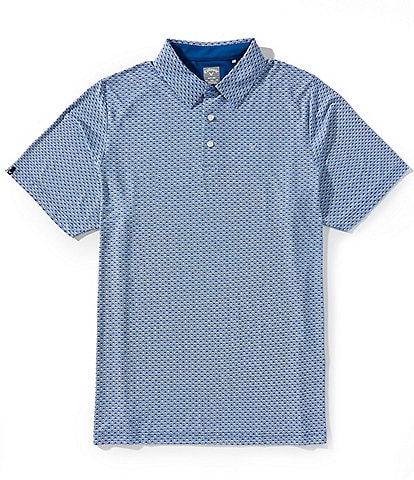 Callaway Big & Tall Trademark Printed Short Sleeve Golf Polo Shirt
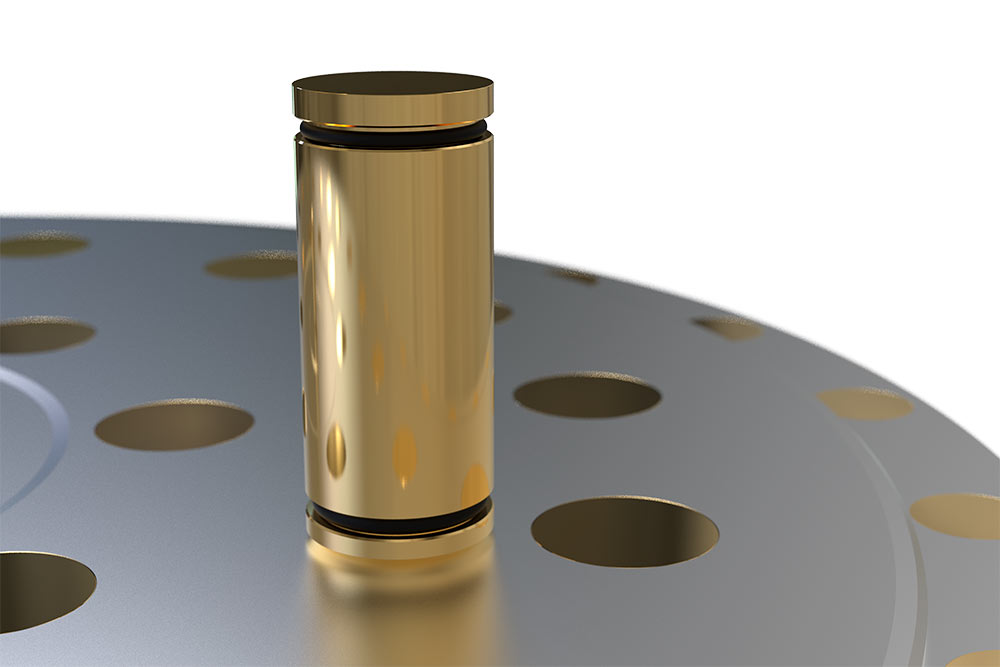 detail of a Silencer module Silcencer Modul
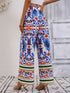 Printed High-Rise Wide Leg Pants STYLE SOURCE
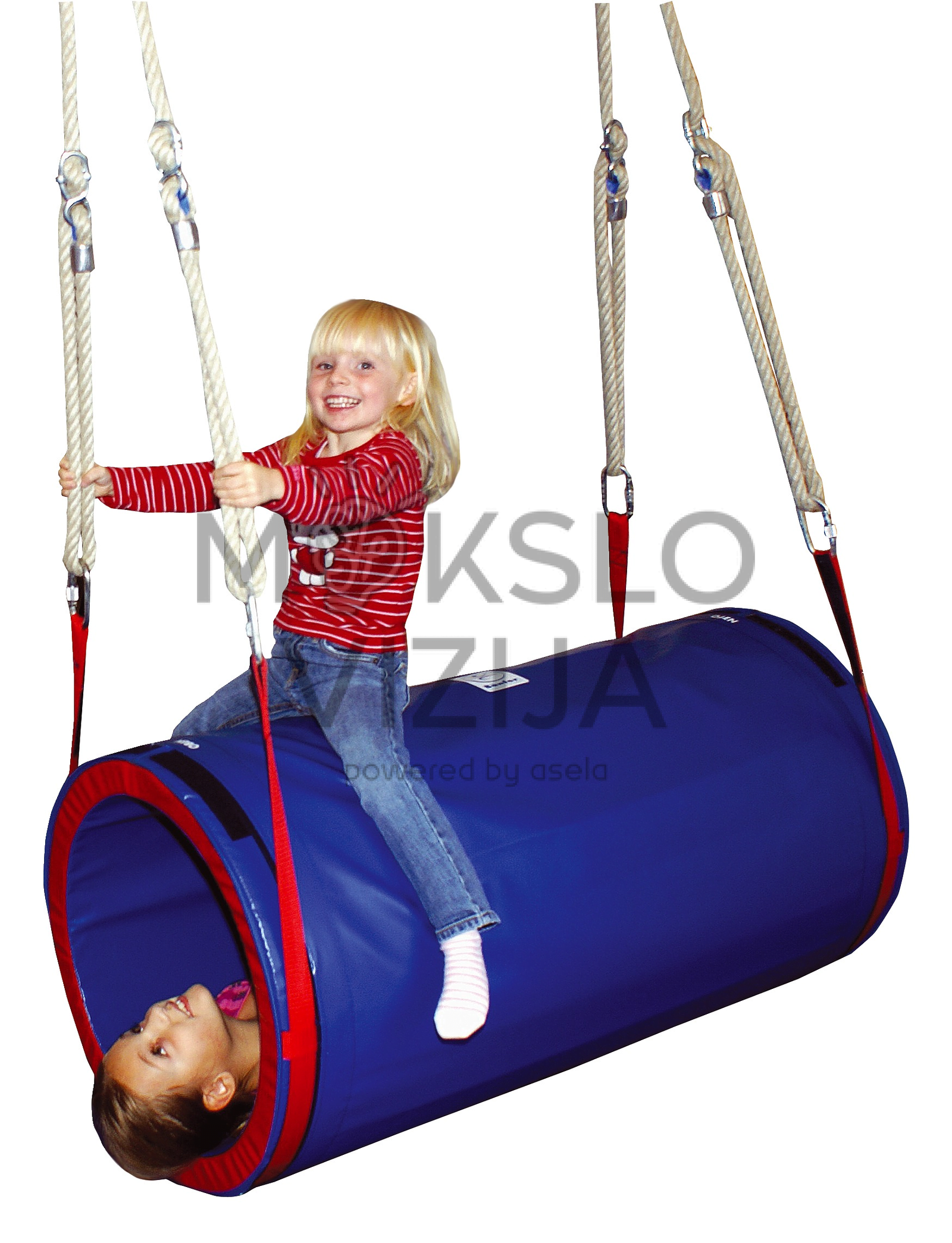 Motorinių įgūdžių tunelio sūpynės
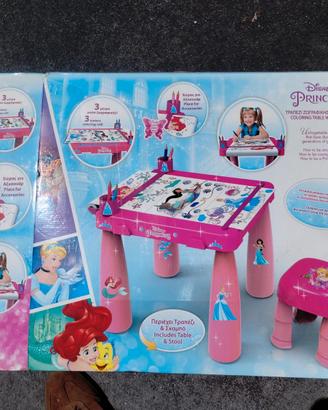 Tavolino Princess Disney con sgabello
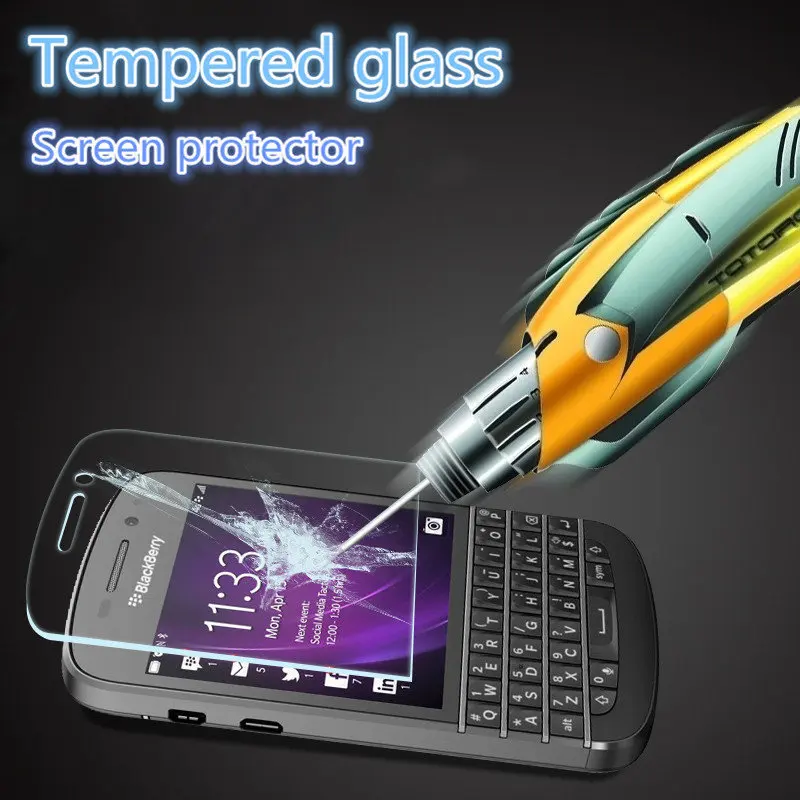 Закаленное стекло 9H для BlackBerry Q10 ультратонкая прозрачная Взрывозащищенная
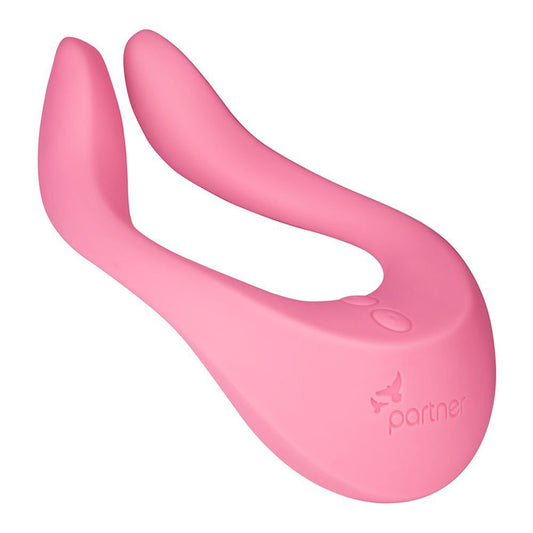Satisfyer Pink Partner Multifun 2 Vibrator with Dual Motors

■ Task requirements
Transcribe the preceding listing in its entirety and with exact wording, leaving out pictures.

■ Expected answer
 Callaway Big & Tall Trademark Printed Short Sleeve Golf Polo Shirt
 detail of a Silencer module Silcencer Modul
 Printed High-Rise Wide Leg Pants STYLE SOURCE
 Motorinių įgūdžių tunelio sūpynės
 Tavolino Princess Disney con sgabello
 Закаленное стекло 9H для BlackBerry Q10 ультратонкая прозрачная Взрывозащищенная
Satisfyer Pink Partner Multifun 2 Vibrator with Dual Motors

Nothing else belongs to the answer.